Sento i miei occhi riempirsi di lacrime. «Harry, mi dispiace tanto, davvero.»

Sospira. «Non piangere» mi dice, guardandomi. Poi continua: «La mattina la mamma mi chiamava per andare a scuola e sui suoi polsi vedevo segni violacei di dita, il viso stanco e privo di vita. Oltre ad essere violento, con il tempo lui è diventato sempre più severo, soprattutto con mia madre.
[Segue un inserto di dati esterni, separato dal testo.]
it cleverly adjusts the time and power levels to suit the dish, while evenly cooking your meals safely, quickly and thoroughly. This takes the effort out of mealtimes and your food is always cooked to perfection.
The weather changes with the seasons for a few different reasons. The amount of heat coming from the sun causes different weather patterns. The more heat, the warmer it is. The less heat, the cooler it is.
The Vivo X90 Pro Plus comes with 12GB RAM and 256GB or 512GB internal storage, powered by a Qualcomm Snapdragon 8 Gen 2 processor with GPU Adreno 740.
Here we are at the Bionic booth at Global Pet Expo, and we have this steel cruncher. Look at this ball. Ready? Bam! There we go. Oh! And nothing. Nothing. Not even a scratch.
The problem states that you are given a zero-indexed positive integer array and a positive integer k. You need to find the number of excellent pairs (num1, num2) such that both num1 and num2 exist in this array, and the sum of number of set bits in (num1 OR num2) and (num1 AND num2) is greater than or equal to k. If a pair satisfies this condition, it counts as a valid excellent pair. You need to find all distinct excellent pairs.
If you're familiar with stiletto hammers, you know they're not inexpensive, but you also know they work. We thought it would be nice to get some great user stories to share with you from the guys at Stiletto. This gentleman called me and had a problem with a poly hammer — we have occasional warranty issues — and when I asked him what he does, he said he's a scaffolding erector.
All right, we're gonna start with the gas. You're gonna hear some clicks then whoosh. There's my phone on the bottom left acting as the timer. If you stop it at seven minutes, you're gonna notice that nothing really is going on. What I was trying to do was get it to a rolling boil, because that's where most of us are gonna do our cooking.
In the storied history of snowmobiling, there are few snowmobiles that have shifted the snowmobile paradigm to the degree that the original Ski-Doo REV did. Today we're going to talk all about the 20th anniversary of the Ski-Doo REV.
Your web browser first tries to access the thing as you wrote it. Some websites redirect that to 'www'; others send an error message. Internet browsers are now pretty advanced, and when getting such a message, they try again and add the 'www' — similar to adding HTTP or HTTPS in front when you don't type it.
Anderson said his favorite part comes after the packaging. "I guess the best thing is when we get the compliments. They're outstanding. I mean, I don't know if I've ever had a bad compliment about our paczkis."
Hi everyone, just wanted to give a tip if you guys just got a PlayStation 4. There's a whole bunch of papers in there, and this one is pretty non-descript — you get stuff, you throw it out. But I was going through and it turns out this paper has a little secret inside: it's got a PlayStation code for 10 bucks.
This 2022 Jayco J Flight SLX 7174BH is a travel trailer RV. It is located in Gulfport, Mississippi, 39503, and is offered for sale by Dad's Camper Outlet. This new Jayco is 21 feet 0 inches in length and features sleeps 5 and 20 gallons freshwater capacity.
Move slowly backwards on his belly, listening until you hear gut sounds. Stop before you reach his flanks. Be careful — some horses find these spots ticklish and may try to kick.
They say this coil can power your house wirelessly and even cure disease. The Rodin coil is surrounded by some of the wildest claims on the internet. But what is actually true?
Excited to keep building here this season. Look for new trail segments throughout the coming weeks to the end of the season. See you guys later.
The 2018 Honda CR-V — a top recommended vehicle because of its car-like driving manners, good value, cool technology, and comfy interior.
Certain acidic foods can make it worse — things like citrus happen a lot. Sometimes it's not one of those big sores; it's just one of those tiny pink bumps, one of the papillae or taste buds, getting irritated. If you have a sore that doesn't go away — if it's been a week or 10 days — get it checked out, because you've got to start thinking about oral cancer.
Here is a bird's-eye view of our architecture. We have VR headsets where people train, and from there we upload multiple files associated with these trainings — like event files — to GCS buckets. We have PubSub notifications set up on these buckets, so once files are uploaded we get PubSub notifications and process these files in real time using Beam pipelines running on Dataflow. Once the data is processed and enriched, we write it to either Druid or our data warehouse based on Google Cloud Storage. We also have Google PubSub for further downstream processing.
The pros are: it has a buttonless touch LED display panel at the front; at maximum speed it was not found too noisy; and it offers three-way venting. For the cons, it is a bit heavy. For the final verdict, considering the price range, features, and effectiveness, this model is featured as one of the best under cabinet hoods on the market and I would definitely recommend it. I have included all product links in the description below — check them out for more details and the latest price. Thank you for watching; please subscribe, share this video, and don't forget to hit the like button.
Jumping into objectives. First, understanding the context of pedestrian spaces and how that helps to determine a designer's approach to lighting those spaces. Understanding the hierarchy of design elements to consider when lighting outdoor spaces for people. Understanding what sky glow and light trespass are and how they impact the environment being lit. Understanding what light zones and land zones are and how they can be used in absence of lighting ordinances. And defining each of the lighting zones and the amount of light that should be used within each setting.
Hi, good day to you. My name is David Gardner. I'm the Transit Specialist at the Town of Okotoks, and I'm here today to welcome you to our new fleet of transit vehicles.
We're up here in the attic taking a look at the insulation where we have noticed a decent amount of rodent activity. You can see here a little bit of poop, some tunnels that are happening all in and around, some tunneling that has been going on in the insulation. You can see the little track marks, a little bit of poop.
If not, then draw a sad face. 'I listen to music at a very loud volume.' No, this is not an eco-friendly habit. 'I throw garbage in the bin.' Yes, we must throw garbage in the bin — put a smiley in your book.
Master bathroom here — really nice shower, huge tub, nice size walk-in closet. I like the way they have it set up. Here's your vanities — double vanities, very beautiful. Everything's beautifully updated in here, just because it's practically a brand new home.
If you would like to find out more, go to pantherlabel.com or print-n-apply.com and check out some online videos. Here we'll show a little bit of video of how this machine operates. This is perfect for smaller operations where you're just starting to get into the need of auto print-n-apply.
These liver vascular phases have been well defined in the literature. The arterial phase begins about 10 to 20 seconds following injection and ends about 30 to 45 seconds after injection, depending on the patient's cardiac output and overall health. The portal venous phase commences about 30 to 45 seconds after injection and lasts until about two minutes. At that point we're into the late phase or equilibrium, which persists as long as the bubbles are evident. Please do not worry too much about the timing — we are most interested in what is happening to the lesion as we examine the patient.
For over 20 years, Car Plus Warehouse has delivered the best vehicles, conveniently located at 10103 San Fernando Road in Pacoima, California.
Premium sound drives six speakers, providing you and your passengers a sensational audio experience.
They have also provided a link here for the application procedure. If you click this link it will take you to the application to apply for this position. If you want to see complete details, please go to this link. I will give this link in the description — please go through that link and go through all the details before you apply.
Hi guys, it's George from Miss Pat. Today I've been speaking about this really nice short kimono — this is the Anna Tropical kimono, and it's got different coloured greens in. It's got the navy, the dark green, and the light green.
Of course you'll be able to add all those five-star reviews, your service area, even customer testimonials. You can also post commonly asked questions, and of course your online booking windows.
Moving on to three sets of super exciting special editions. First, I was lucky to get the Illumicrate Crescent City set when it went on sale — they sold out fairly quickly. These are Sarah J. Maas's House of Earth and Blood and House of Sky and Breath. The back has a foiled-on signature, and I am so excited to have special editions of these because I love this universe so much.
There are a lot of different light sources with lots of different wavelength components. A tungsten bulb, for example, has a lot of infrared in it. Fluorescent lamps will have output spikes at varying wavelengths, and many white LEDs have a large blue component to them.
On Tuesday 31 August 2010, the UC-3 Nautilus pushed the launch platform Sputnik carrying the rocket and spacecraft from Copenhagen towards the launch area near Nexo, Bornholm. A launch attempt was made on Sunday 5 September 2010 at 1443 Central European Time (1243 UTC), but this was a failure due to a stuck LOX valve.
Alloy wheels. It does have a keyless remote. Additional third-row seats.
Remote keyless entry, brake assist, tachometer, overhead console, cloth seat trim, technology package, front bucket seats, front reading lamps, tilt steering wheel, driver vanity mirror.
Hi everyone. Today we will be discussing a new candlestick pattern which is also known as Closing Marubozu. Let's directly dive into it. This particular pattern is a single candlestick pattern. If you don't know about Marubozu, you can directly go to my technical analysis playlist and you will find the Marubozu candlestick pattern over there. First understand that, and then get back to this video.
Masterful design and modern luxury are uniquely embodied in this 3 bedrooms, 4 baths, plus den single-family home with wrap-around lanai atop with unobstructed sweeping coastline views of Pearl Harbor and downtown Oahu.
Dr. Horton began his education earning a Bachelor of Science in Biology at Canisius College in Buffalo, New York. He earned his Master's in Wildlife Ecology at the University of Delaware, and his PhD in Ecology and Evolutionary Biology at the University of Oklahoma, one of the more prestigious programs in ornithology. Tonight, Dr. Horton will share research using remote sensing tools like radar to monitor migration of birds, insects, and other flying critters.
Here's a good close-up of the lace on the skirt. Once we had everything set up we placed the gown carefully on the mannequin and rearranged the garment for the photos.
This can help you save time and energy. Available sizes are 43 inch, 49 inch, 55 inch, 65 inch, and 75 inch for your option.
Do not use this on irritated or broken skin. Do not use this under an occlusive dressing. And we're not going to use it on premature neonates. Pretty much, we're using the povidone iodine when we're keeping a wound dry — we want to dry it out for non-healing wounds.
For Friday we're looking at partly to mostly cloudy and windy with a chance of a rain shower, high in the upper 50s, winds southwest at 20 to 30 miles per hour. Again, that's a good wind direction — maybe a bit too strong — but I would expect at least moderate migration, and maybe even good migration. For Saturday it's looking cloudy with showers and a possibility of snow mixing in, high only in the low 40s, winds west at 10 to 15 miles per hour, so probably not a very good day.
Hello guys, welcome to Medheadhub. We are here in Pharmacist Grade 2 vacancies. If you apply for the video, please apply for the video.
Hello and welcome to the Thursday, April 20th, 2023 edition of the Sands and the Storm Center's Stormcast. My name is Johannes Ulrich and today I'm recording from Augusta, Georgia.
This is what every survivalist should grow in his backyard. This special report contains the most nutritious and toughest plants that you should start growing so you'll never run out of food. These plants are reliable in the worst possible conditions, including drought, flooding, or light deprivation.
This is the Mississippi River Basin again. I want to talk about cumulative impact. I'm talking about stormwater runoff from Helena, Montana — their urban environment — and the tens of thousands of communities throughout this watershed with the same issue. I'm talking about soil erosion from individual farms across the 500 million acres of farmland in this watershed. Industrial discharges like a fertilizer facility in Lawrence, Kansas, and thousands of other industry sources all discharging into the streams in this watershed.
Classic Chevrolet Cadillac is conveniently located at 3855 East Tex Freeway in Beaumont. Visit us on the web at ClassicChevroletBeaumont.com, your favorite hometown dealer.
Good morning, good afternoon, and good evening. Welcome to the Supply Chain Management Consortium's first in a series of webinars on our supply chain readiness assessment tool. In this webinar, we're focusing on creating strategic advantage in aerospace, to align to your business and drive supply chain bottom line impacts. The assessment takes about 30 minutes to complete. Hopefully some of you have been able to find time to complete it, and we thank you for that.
Non poteva vedersi neanche con un'amica, perché lei doveva stare con lui.»

Oh mio Dio, è orribile.

«Ha sempre avuto attacchi di rabbia, ma erano peggiorati. Quel giorno in cui mia madre si è incazzata da morire con lui e gli ha urlato contro, lui ha perso completamente il controllo.» Si ferma un attimo, si passa un dito sotto gli occhi per fermare le lacrime.

«Cosa ha fatto?» chiedo, ho il viso rigato dalle lacrime.

Con voce tremante, dice: «Ha preso un coltello dal cassetto della cucina e lo ha puntato alla gola di mia madre.»

Ho un sussulto. «Dio mio...» Non riesco a crederci.

Gli tremano le mani, così le prendo tra le mie, fregandomene del sangue. Ho l'impressione che non abbia mai raccontato niente a nessuno.

«Fortunatamente era troppo ubriaco per badare anche a me, quindi ho chiamato subito la polizia. Erano nei paraggi e sono arrivati subito, e lo hanno arrestato. Se non fossero arrivati prima, Helen...»

«Sarebbe finita male...»

A questo punto, Harry non riesce più a trattenersi e scoppia a piangere. «A volte ho paura di essere come lui, guarda le mie mani!»

Scuoto la testa e gli prendo il viso tra le mani. «No no no, non lo sei.»

«Come fai a dirlo?»

Gli faccio cenno di avvicinarsi a me, lo stringo tra le mie braccia; poggia la testa sul mio petto. «Io lo so e basta, non sei una cattiva persona.»

Alza lo sguardo e si asciuga le lacrime con i polsi. «Vieni qui.» Sposta il suo sedile indietro per fare spazio e mi fa cenno di sedermi su di lui.

Il mio vestito è stretto sulle gambe, quindi cerco di fare il possibile per evitare che si slabbri. Riesco a sedermi a cavalcioni su di lui con tutti i tacchi, ma il vestito si è un po' alzato sulle cosce. Mi metto i capelli dietro le orecchie, non so perché ma mi sento timida in questo momento.

Il suo sguardo si alterna tra i miei occhi e le mie labbra. Mette una mano sulla mia guancia e la accarezza delicatamente col pollice. «Odio queste lacrime.»

«Mi dispiace tanto per quello che ti è successo.»

«È la prima volta che lo racconto a qualcuno, nessuno lo sa» confesso.

Come immaginavo.

«Sono felice che tu sia riuscito a parlarne» e gli sorrido.

«Solo perché sei tu. Ora baciami, che non c'è cosa più bella.»